Golden Breeze

winter grief’s melted
by golden breeze through green shade
sparkling  pool of tears

Kim M. Russell, 2017

Summer Stars

My response to Carpe Diem’s Time Travel, Ancient Japanese Poetry To Inspire You #1 little I should grieve

Chèvrefeuille welcomes us to a new feature for ‘weekend meditation’, in which he takes us back to a time when poetry was an art only for the higher classes of Japan. He tells us that a lot of those poems were collected in anthologies like the Kokinshu (or Kokin Wakashu – 920 AD) or the Man’yoshu (Collection of Ten Thousand Leaves – 745 AD. Each week, Chèvrefeuille plans to give us some background on the anthologies, share a few examples and give us a poem for our inspiration.

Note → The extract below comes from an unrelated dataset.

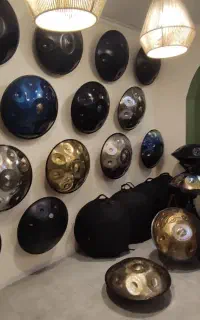هنگدرام/ نقد و اقساط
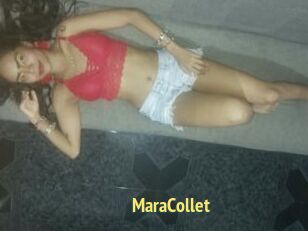 MaraCollet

In this first episode, he has chosen a poem from the Man’yoshu or ‘Collection of Ten Thousand Leaves’, an anthology of ancient Japanese poems compiled c. 759 CE during the Nara Period, which is regarded as a literary classic. It consists of 4,496 poems organized into 20 books, the vast majority being in the waka (aka waku) style: each poem has precisely 31 syllables in five lines (5+7+5+7+7).  262 poems are written in the longer nagauta style, which can have up to 200 lines. There are also 62 sedoka poems (six-line poems of 38 syllables) and four poems written in Chinese. The poems come in three broad thematic categories; zoka (miscellaneous), somon (mutual inquiries or love poems), and banka (elegies). They cover a period of four centuries and it is likely they were intended to be sung.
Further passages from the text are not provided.